Limitation Post-compaction recovery fires on the next tool call. If you have a purely conversational turn right after a compaction (no tool use), the refresh waits until the next tool runs — no Cursor hook can inject context on a bare prompt. Agent sessions call tools often, so in practice this is quick. You can always run bd prime manually to force a refresh.

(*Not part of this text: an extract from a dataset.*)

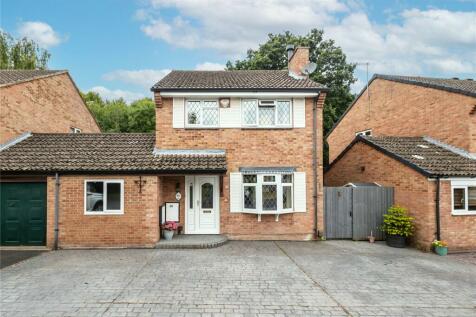 4 bedroom link detached house for sale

Verifying it works (CLI, no hooks pane)

The cursor-agent CLI has no hooks output pane, so verify the hooks directly:
# sessionStart should return {"continue": true, "additional_context": "...bd prime..."}
echo '{"hook_event_name":"sessionStart","workspace_roots":["'"$PWD"'"]}' \
  | bd cursor-hook sessionStart | jq .

# In a real session, the agent should know your bd workflow without being told,
# and should recover it after a compaction without you running `bd prime`.
If additional_context is empty, the directory is not a Beads workspace yet (run bd init) or bd is not on Cursor’s PATH. Note this command runs your shell’s bd; Cursor may resolve a different one for hooks (see Requirements above), so a passing check here doesn’t guarantee Cursor runs the same build. bd doctor also reports three Cursor checks (under integration diagnostics), paralleling the Claude checks:
  • Cursor Integration — flags when Cursor is in use but the hooks aren’t installed.
  • Cursor Settings Health — errors if .cursor/hooks.json is malformed JSON (which would silently disable every hook).
  • Cursor Hook Completeness — warns if only some of the three managed events are installed (e.g. after a hand-edit), since recovery needs all three.

Remove

bd setup cursor --remove
This removes the rules file and the Beads-managed hook entries while leaving any of your own hooks in .cursor/hooks.json intact. The shared agent skill (.agents/skills/beads) is removed too — unless the Codex integration is still installed, in which case it is kept because both integrations use it.